O presidente da Confederação Nacional do Comércio de Bens, Serviços e Turismo (CNC), Antonio Oliveira Santos, assina artigo no Jornal do Commercio (RJ) desta quarta-feira, 10 de novembro, intitulado A CNC, MPE e empresômetro. Ele aborda a importância de políticas públicas que beneficiem as micros e pequenas empresas (MPEs), que respondem, hoje, por 52% dos empregos formais e participam com 27% do Produto Interno Bruto. “Em 2001, a participação das MPEs no PIB atingia 23%, mas a tendência é ultrapassar 30% até 2021 e caminhar para alcançar 50% até 2050”, afirma Oliveira Santos.

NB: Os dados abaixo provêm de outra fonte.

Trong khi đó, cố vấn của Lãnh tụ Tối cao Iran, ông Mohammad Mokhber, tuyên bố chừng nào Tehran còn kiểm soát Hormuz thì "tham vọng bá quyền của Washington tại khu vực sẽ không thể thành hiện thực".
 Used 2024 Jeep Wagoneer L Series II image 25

No artigo, o presidente da Confederação aborda a geração de informações por parte da entidade, que pode contribuir para um diagnóstico mais preciso sobre a situação das MPEs, permitindo, assim, a formulação mais precisa de políticas públicas para esse segmento. Oliveira Santos destaca a atuação da CNC em parceria com a Secretaria da Micro e Pequena Empresa (SMPE), o Fórum Permanente das MPEs e o Instituto Brasileiro de Planejamento e Tributação (IBPT). E como exemplo desse trabalho, ressalta o lançamento, em 18 de novembro, do portal Empresômetro. O portal faz um raio X quantitativo do segmento, em tempo real, e pode ser acessado em: http://empresometro.cnc.org.br/

“No portal encontram-se informações relevantes para os empresários e, fundamentalmente, notícias geradas pela CNC nas áreas da sua atuação, destacando-se as análises sobre a conjuntura econômica e o comércio de bens serviços e turismo, com projeções sobre crédito, vendas e emprego, intenção de consumo, endividamento das famílias e confiança dos empresários”, explica o presidente da CNC.

Leia o artigo na íntegra.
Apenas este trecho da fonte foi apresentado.